DATA EXCERPTS: Begin

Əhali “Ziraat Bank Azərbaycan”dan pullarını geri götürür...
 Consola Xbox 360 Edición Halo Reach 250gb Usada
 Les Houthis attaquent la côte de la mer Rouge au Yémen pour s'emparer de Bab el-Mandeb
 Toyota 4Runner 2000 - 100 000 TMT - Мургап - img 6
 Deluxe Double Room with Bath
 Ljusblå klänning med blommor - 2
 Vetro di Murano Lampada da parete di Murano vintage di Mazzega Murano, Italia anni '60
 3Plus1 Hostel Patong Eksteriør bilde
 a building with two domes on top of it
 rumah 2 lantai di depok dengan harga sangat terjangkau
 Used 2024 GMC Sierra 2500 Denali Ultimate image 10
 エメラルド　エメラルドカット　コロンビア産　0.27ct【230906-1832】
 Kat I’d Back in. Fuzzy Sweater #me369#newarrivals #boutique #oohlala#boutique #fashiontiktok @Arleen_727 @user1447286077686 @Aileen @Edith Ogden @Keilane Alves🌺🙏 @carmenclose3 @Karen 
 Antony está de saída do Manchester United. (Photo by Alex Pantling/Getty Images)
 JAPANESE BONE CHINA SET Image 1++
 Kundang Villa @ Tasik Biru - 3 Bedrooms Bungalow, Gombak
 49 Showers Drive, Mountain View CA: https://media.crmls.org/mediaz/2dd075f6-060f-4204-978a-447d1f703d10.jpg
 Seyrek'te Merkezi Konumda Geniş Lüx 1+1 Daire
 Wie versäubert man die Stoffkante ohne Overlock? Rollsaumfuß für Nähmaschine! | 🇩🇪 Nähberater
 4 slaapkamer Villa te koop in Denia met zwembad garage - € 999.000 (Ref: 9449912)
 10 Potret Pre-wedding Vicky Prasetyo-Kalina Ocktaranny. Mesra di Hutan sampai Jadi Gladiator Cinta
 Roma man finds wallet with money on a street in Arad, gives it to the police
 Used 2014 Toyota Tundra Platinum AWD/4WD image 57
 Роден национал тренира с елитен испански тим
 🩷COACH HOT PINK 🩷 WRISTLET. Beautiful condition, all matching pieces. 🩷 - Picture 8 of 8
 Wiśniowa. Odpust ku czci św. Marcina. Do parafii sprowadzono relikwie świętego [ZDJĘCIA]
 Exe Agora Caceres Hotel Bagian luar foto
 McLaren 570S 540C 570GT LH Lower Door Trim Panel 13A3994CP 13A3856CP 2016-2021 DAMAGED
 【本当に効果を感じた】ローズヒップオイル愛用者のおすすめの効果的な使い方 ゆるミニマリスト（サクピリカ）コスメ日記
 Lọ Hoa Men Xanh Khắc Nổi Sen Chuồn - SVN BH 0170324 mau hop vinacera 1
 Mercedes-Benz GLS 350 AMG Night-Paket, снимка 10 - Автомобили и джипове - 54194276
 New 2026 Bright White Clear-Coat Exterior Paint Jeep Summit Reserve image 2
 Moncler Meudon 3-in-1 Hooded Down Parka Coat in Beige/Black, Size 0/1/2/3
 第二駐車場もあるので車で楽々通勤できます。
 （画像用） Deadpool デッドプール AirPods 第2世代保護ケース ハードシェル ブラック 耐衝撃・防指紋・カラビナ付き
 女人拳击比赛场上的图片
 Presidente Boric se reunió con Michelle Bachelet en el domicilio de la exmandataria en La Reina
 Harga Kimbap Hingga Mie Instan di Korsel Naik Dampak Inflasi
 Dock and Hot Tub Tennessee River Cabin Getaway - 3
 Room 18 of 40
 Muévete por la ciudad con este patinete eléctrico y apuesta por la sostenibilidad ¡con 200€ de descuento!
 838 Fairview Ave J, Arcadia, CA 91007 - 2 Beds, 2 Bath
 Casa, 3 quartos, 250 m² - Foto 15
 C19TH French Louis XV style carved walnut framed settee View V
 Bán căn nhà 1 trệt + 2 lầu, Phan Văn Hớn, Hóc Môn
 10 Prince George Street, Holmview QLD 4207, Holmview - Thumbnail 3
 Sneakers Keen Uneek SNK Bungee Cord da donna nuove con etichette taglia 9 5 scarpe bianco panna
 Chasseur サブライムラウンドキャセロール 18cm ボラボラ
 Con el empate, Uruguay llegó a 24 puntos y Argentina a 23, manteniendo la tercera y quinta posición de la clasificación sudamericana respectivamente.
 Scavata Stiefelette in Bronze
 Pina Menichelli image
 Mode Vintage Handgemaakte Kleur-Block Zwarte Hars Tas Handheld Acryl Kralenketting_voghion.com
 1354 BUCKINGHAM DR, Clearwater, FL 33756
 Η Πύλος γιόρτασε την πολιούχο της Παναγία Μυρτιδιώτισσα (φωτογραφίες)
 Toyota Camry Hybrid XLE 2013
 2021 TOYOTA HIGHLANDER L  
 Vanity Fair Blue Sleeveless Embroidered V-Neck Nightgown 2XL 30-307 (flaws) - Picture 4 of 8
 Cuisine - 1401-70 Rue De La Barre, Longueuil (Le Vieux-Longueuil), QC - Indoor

DATA EXCERPTS: End

WHAT THE EXERCISE ASKS |
Nothing but the lines from the top of the entries above through the line with "Exe Agora Caceres Hotel Bagian luar foto" should be set down, each exactly as written.

SOLUTION TO THE PROBLEM |
Əhali “Ziraat Bank Azərbaycan”dan pullarını geri götürür...
 Consola Xbox 360 Edición Halo Reach 250gb Usada
 Les Houthis attaquent la côte de la mer Rouge au Yémen pour s'emparer de Bab el-Mandeb
 Toyota 4Runner 2000 - 100 000 TMT - Мургап - img 6
 Deluxe Double Room with Bath
 Ljusblå klänning med blommor - 2
 Vetro di Murano Lampada da parete di Murano vintage di Mazzega Murano, Italia anni '60
 3Plus1 Hostel Patong Eksteriør bilde
 a building with two domes on top of it
 rumah 2 lantai di depok dengan harga sangat terjangkau
 Used 2024 GMC Sierra 2500 Denali Ultimate image 10
 エメラルド　エメラルドカット　コロンビア産　0.27ct【230906-1832】
 Kat I’d Back in. Fuzzy Sweater #me369#newarrivals #boutique #oohlala#boutique #fashiontiktok @Arleen_727 @user1447286077686 @Aileen @Edith Ogden @Keilane Alves🌺🙏 @carmenclose3 @Karen 
 Antony está de saída do Manchester United. (Photo by Alex Pantling/Getty Images)
 JAPANESE BONE CHINA SET Image 1++
 Kundang Villa @ Tasik Biru - 3 Bedrooms Bungalow, Gombak
 49 Showers Drive, Mountain View CA: https://media.crmls.org/mediaz/2dd075f6-060f-4204-978a-447d1f703d10.jpg
 Seyrek'te Merkezi Konumda Geniş Lüx 1+1 Daire
 Wie versäubert man die Stoffkante ohne Overlock? Rollsaumfuß für Nähmaschine! | 🇩🇪 Nähberater
 4 slaapkamer Villa te koop in Denia met zwembad garage - € 999.000 (Ref: 9449912)
 10 Potret Pre-wedding Vicky Prasetyo-Kalina Ocktaranny. Mesra di Hutan sampai Jadi Gladiator Cinta
 Roma man finds wallet with money on a street in Arad, gives it to the police
 Used 2014 Toyota Tundra Platinum AWD/4WD image 57
 Роден национал тренира с елитен испански тим
 🩷COACH HOT PINK 🩷 WRISTLET. Beautiful condition, all matching pieces. 🩷 - Picture 8 of 8
 Wiśniowa. Odpust ku czci św. Marcina. Do parafii sprowadzono relikwie świętego [ZDJĘCIA]
 Exe Agora Caceres Hotel Bagian luar foto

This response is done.